Oh, we’ve already had “snow”, some quick flurries of big, fat flakes drifting down, but today was a real snow.
In the dim early morning light, the dotter and I went out to check the chickens. It was foggy–or so I thought–hazy, gray draping the trees, the neighboring houses. But as we were traipsing across the back yard to the coops, the dotter claimed it was snow. I scoffed, and then heard–oh so faintly–tiny patters of microscopic snow flakes spitting onto the grass, onto my jacket. Still, it was nothing like the four inches we had been promised, so I shrugged it off, and we went back inside.
Half an hour later, as we headed off to the dotter’s school bus stop, it was truly snowing. The dotter happily trailed a bamboo twig from the porch behind her as we walked, leaving a line of boot prints and a black skein where the bamboo touched the ground. We stopped at the mailbox and pulled out a small pile of mail (including–woot!–an envelope of hollyhock seeds from Kate at High Altitude Gardening, woohoo!), I tucked it into my arms, and we crossed the street to wait on the corner.
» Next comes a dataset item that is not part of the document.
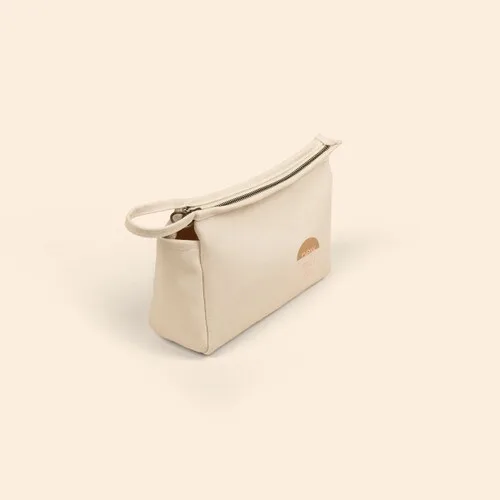 Natural Canvas Beige Logo Angle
Almost immediately, the nooks and crannies in my elbow, and the layers of the small pile of mail, began being loaded with lacy, puffy flakes. Flakes gathered on the dotter’s backpack, on my arms, on my hat. The dotter, delighted, used a finger to collect snow and hold it to her mouth; I joined her by scraping small mounds onto my own fingers and feeding them to her.
When I returned to the house, it was still snowing.
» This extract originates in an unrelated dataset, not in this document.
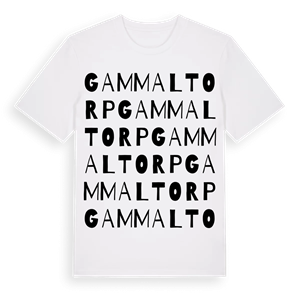 Gammaltorp ordlek t-shirt – ekologisk bomull t-shirt från Pinshirt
An hour later, I stopped out onto the kitchen porch to take a break, and was struck by the silence.
We live in suburbia. The national media calls it a “rural town”, but to those of us who live here, it’s suburbs. Oh, we’re not right outside Big City, but we are a “bedroom community” for Big City, and it’s built like all those fancy-schmancy new suburbs in California or Arizona or Texas…it’s just older. Lots of one-acre lots, lots of strip malls, no real town center (unlike Small Town, in between Suburban Alaska and Big City, which does have a town center). Anyway, there’s almost always a hum of traffic as a background noise; not a lot, mind you, but it’s there.
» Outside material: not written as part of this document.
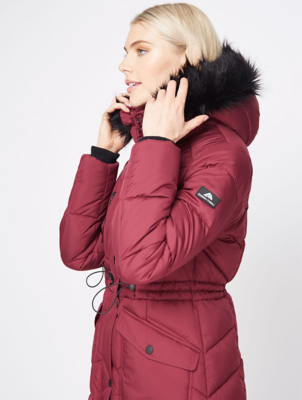 ozark longline padded coat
This morning, though, it was utterly silent. Muffled. Quiet. You could hear the snow falling on the leaves still remaining on the trees, pattering them gently, but the acoustics of the snow seemed to have put a lid on the traffic sounds.
It was hushed. And beautiful.
Of course, even though it’s Alaska, we haven’t hit “winter” yet, so the temperature hovered around freezing all day and the snow, while accumulating, was also melting. When the snowfall ended, the melting took over. What was probably six inches of snow quickly melted down to three.
When the dotter returned home, I postponed doing homework for a chance to get out into the back yard to throw snowballs at each other and built a small snowman.
The first snowfall of winter is always magical.